§ WORK INSTRUCTION
Sort through the data and copy the lines holding the word "Black".

(Records from a data collection)
..........
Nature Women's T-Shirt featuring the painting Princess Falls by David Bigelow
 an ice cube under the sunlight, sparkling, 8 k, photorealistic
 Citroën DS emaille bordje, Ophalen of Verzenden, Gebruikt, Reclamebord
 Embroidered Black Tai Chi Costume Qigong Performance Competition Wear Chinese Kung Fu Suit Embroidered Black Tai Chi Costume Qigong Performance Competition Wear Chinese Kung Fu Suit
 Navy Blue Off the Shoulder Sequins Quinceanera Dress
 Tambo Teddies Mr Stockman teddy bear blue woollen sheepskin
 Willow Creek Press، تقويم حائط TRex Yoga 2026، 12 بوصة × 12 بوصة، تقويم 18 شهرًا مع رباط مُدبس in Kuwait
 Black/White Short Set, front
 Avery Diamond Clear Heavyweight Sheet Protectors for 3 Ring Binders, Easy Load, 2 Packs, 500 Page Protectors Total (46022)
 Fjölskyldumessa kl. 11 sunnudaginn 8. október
..........
§ SOLUTION TO THE PROBLEM
 Embroidered Black Tai Chi Costume Qigong Performance Competition Wear Chinese Kung Fu Suit Embroidered Black Tai Chi Costume Qigong Performance Competition Wear Chinese Kung Fu Suit
 Black/White Short Set, front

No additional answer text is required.